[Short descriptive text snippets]

:::::

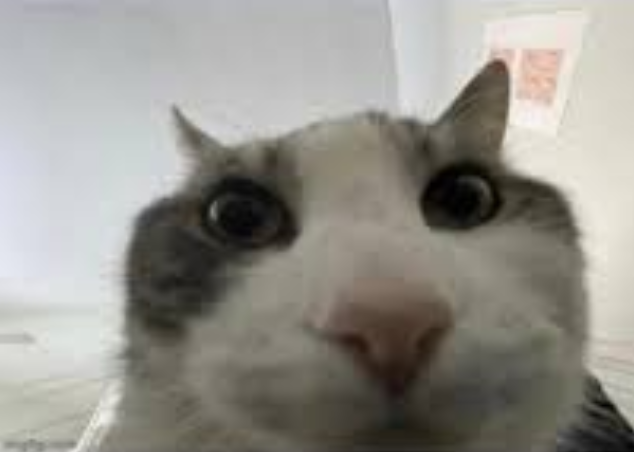 Kanna__Cat's tweet image. &amp;gt;Your face picture get immediately deleted after age verification
&amp;gt;look inside 
&amp;gt;data breach that include your face 12 months later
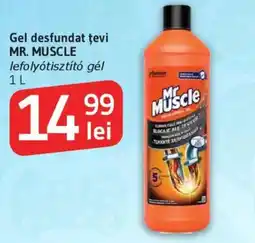 Supeco Gel desfundat ţevi MR. MUSCLE Ofertă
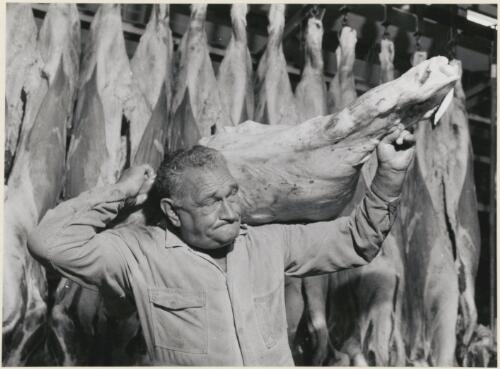 Carcasses in a Sydney abattoir, (2) [picture]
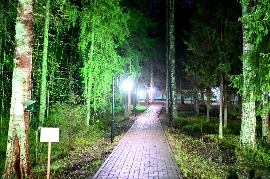 6.JPG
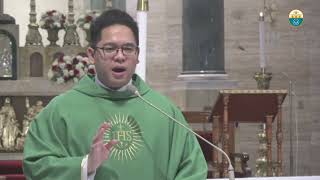 Cathedral Homilies  November 26 Fr Viel [upl. by Seldon]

:::::

- Task instructions: A faithful reproduction of every entry, with no pictures, is the expected answer.

- Answer area:
 Kanna__Cat's tweet image. &amp;gt;Your face picture get immediately deleted after age verification
&amp;gt;look inside 
&amp;gt;data breach that include your face 12 months later
 Supeco Gel desfundat ţevi MR. MUSCLE Ofertă
 Carcasses in a Sydney abattoir, (2) [picture]
 6.JPG
 Cathedral Homilies  November 26 Fr Viel [upl. by Seldon]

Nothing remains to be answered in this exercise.